### GIVEN DATA
==*==

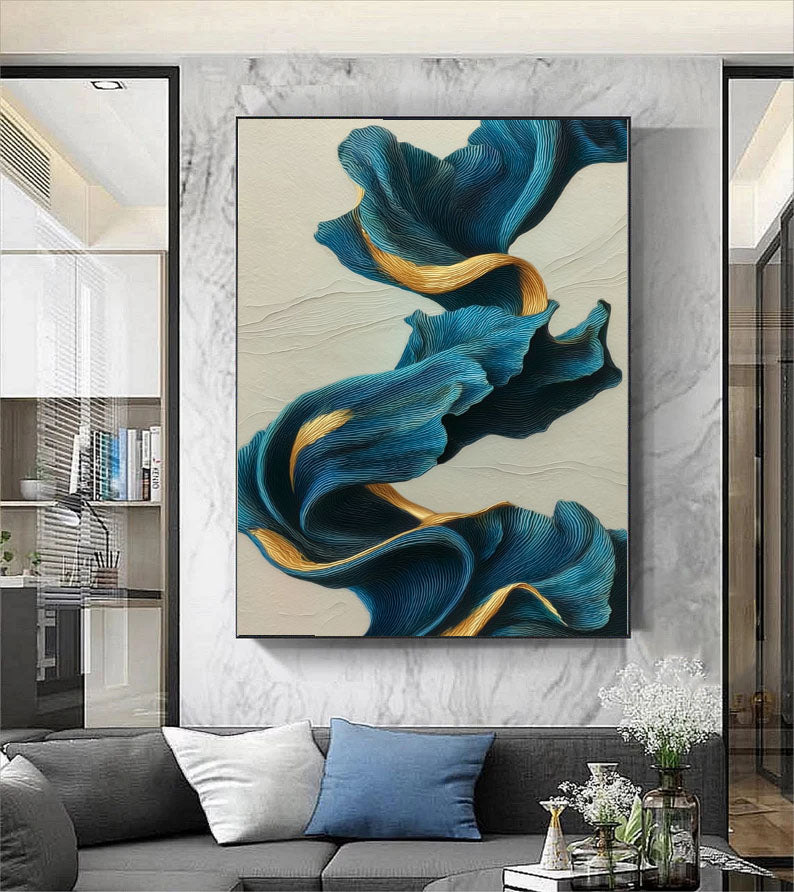 Fluid Silk Motion | Blue & Gold
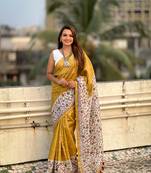 Mustard katki silk graceful partywear saree with kalankari floral printed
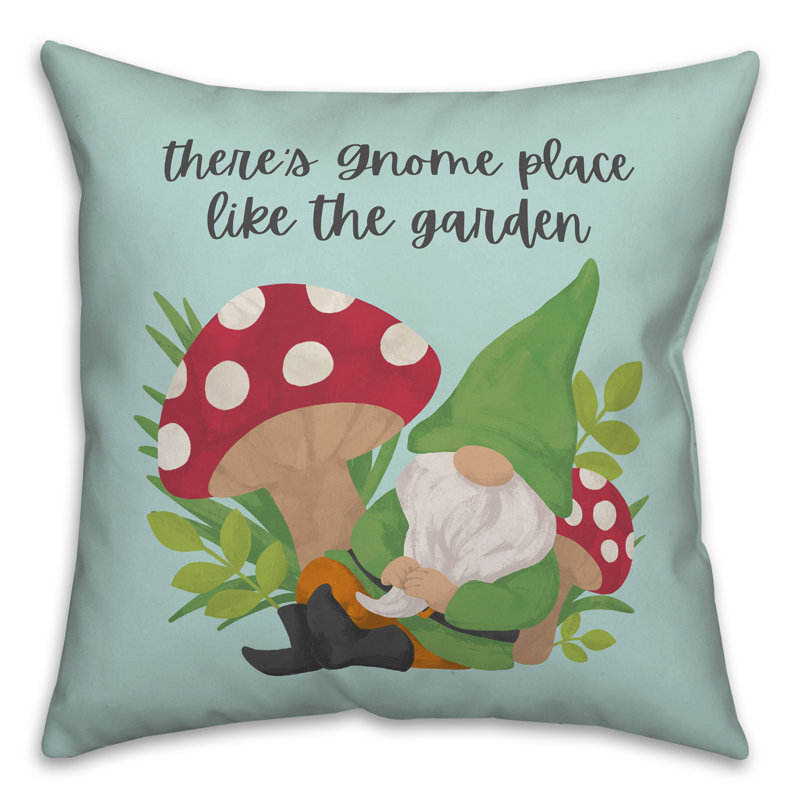 Housse et insert de coussin carré bleu Gnome Garden, 18 po x 18 po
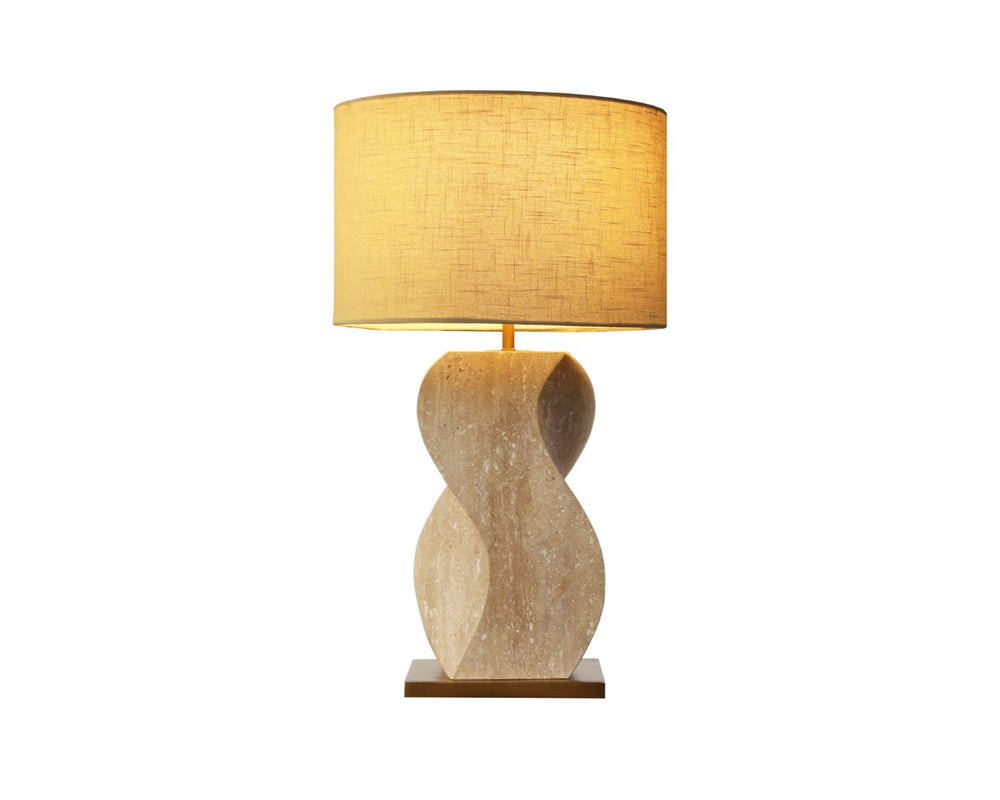 Sunpan ANUSHA Table Lamp - Hand-Carved Solid Travertine Base, Textured Shade & Warm Brass Accents, 30" Tall 112157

==*==

### ABOUT THIS TASK
From the listing, extract all text exactly as given and drop any picture.

### ANSWER AREA
 Fluid Silk Motion | Blue & Gold
 Mustard katki silk graceful partywear saree with kalankari floral printed
 Housse et insert de coussin carré bleu Gnome Garden, 18 po x 18 po
 Sunpan ANUSHA Table Lamp - Hand-Carved Solid Travertine Base, Textured Shade & Warm Brass Accents, 30" Tall 112157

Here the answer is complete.